With dozens of technology vendors all claiming to offer world-class tools, advisors tend to stick with names they trust. That’s why TD Ameritrade retains its crown among custodians as the top tech provider, with Schwab coming in second, according to Financial Planning.

The publication’s annual technology survey polled advisors on their satisfaction with custodians and broker-dealers and the usefulness of their various tool types. Then it ranked brands within each category. The survey includes responses from advisors who specialize in accounting and insurance services as well as financial planners.

Lesser-known custodians like Folio Institutional and Shareholders Service Group ranked above giants like Fidelity and Pershing. Among broker-dealers, advisors were most satisfied with technology from MetLife Securities, followed by Commonwealth Financial. Raymond James ranked third, with Cambridge Investment Research rounding out the four best B-D tech providers.

Regarding types of tools, more advisors said financial-planning software had the biggest impact on their business than anything else — although CRM also proved highly useful. In a somewhat odd grouping of categories, smartphones ranked third and tablets fourth in terms of usefulness to advisors. That might have something to do with better user experience and software design, the survey suggests. Portfolio-management software ranked fifth as a tool, according to the survey.

The top brand in financial-planning software was MoneyGuidePro, with eMoney Advisor a distant second.

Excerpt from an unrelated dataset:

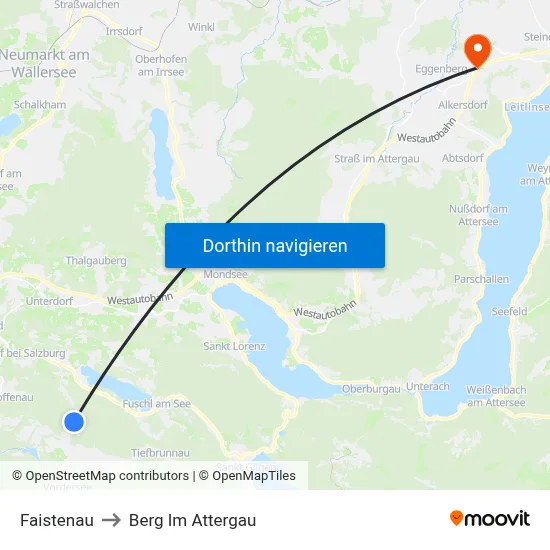 Faistenau to Berg Im Attergau map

Moneytree and NaviPro Planning Suite were third and fourth most popular, respectively. The CRM-tool ranking suggests the average planner prefers Microsoft’s Outlook, which isn’t even a true customer-relationship manager. Among actual brands, Redtail and Salesforce were tied for second place, with Act! and Junxure following at a distance.

Tech trends indicate most advisors now use both smartphones and tablets for work. No surprise that the iPhone and iPad are most popular of those tools. And perhaps because more people are using more mobile devices, cloud-based software is becoming commonplace, the survey found. As for social media, the vast majority of advisors are on LinkedIn, but fewer than half are on Facebook and even fewer use Twitter.

By Chris Latham
  • To read the Financial Planning article cited in this story, click here (free registration required).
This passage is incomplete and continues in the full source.